● Description of the task
Return the listing exactly. Keep no pictures.

● The data
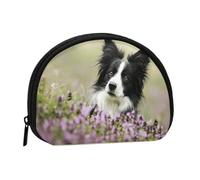 Borsa portaoggetti per assorbenti igienici per il trucco di piccole dimensioni, portamonete per cosmetici da donna, motivo: Border Collie Lawn Black Border Collie Pets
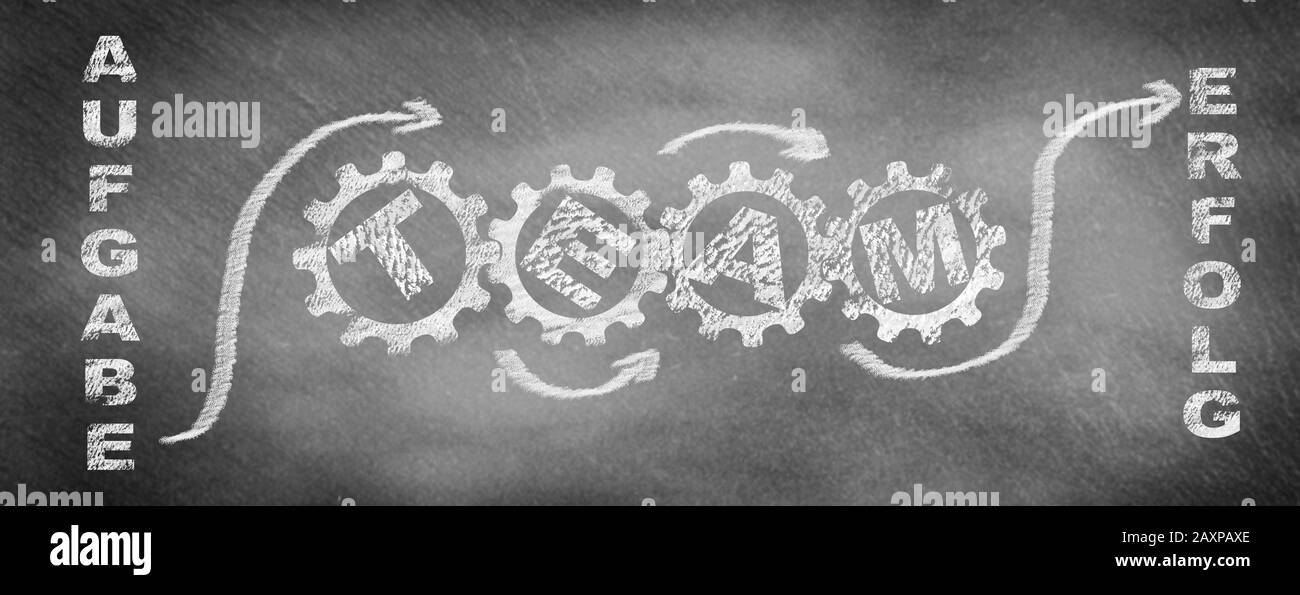 Lösen Sie Aufgaben in einem Team erfolgreich. Mit Kreide auf Schul-Tafel Stockfoto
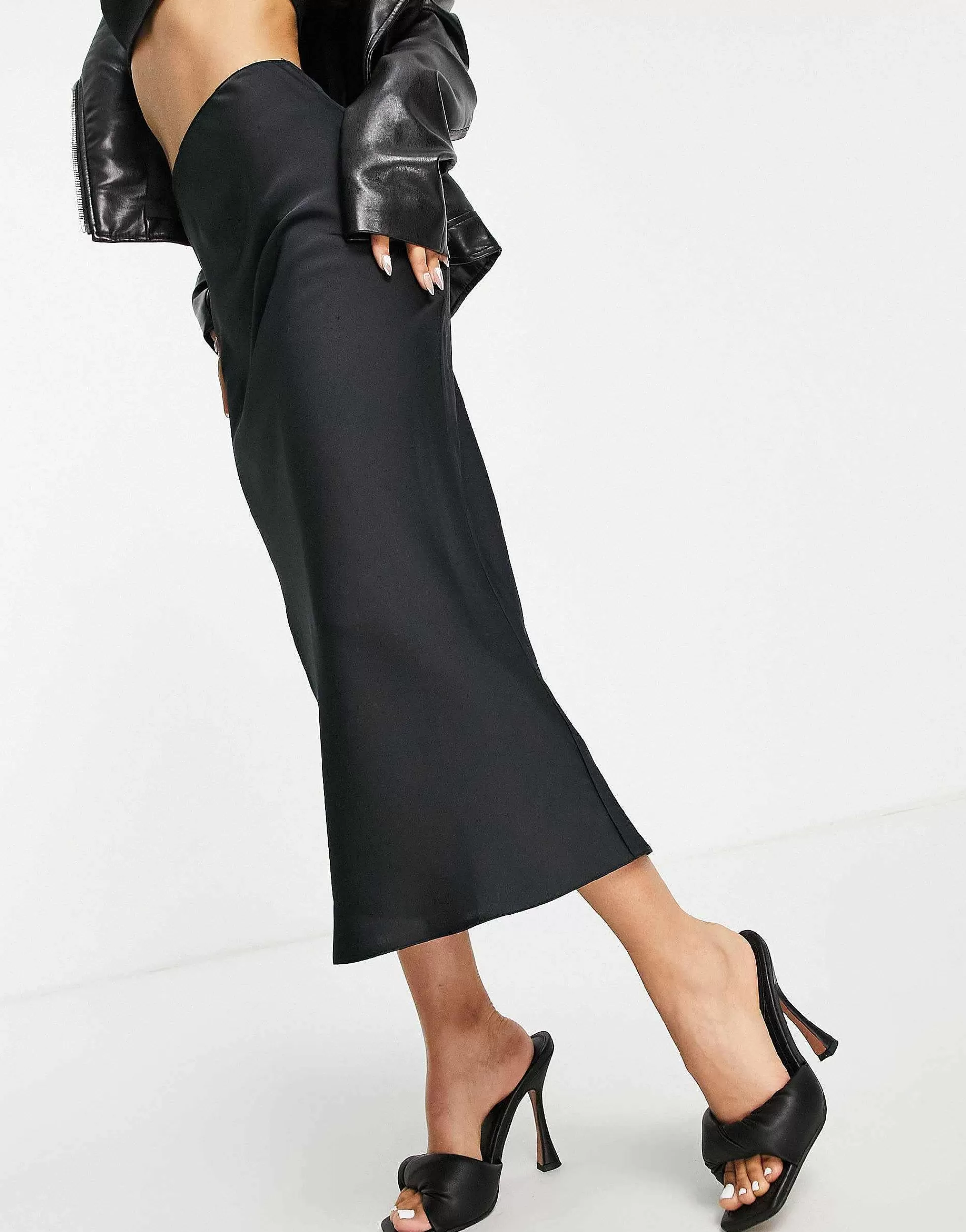 Women DESIGN Petite Satin Bias Midi Skirt In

● Solution to this exercise
 Borsa portaoggetti per assorbenti igienici per il trucco di piccole dimensioni, portamonete per cosmetici da donna, motivo: Border Collie Lawn Black Border Collie Pets
 Lösen Sie Aufgaben in einem Team erfolgreich. Mit Kreide auf Schul-Tafel Stockfoto
 Women DESIGN Petite Satin Bias Midi Skirt In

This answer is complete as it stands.